One of the things that’ll be dominating the thinking of the academy will be the changes taking place in the next decade or so to the way the world works. Traditional regions of power and influence are declining, while new ones are rising; but how far are things going to change in the next decade, and what will be the markets on the rise after China and its fellow BRICs? Will the BRICs (Brazil, India, Russia, and China) even live up to their billing?
The rise of the BRICs also challenges the way global governance works. If you look at today’s global governance institutions – the World Bank, the UN, the IMF, the World Trade Organisation – one of the things that’s noticeable about them is they were all (if you count the WTO’s predecessor, the General Agreement on Tariffs and Trade) founded at the beginning of the modern ‘Western’ global economy. Are these organisations and rules still going to be relevant in the 21st century?
Systems are under strain in other ways too: the Euro is having a wobble, while the prospects of a ‘Redback’ global economy are emerging that sees the Chinese Renminbi replace the Dollar as the reserve currency of choice. You could go further: in an electronic age, does money have a future as a token of exchange? What will be valuable in the future? How will it be measured?
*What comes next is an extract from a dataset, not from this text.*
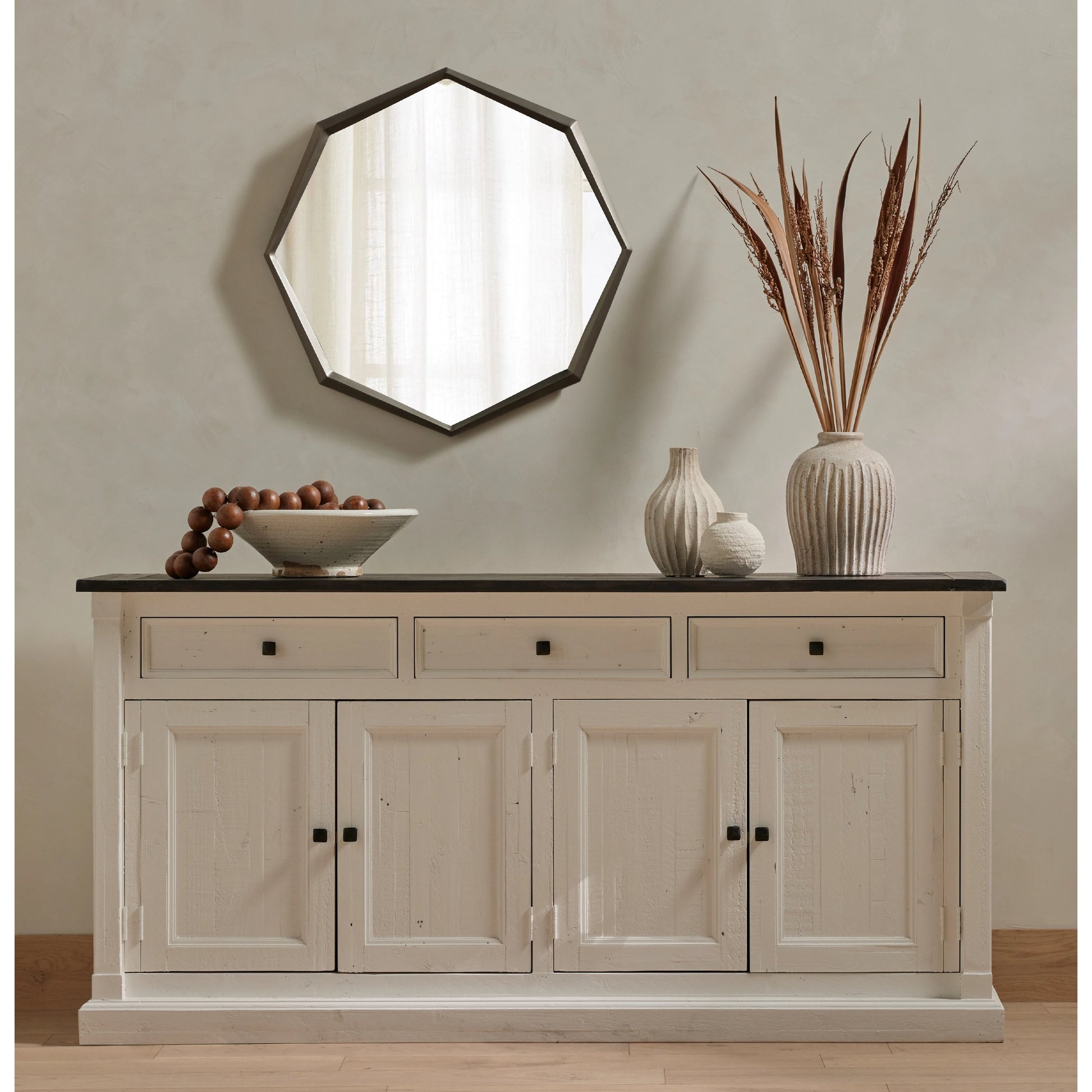 Cintra Sideboard by Four Hands in limestone white, driftwood natural. Made from solid mixed reclaimed wood in a cottage & farmhouse style.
The business world is changing too. There’s been an explosion of new ways of doing business, with all sorts of new business models emerging; what’s going to come next? The complexity of modern business also raises questions about responsibility and how that complexity can be managed. Is this a new role for the CFO? New ways of thinking about business will be needed; what will these be?
As business changes, the accountancy profession will need to change too. How will accounting evolve if new measures of value emerge? What will the rules be? Will they be driven from a Western view, or will they be driven by ideas from emerging markets? One thing that will almost certainly change is the way that accountants are trained, thanks to ever-changing learning technologies; but how will they change?
The future is always going to raise more questions than answers; it will even raise questions that we couldn’t even begin to think of now. Think about the major events that have shaped our present: the fall of the Berlin Wall; 9/11; the rise of the internet, and many more. Did people see these coming? Did people know what effect these things would have?
It’s an ambitious project, but hopefully the Accountancy Futures Academy can spark some new thinking to making the future a little bit less murky.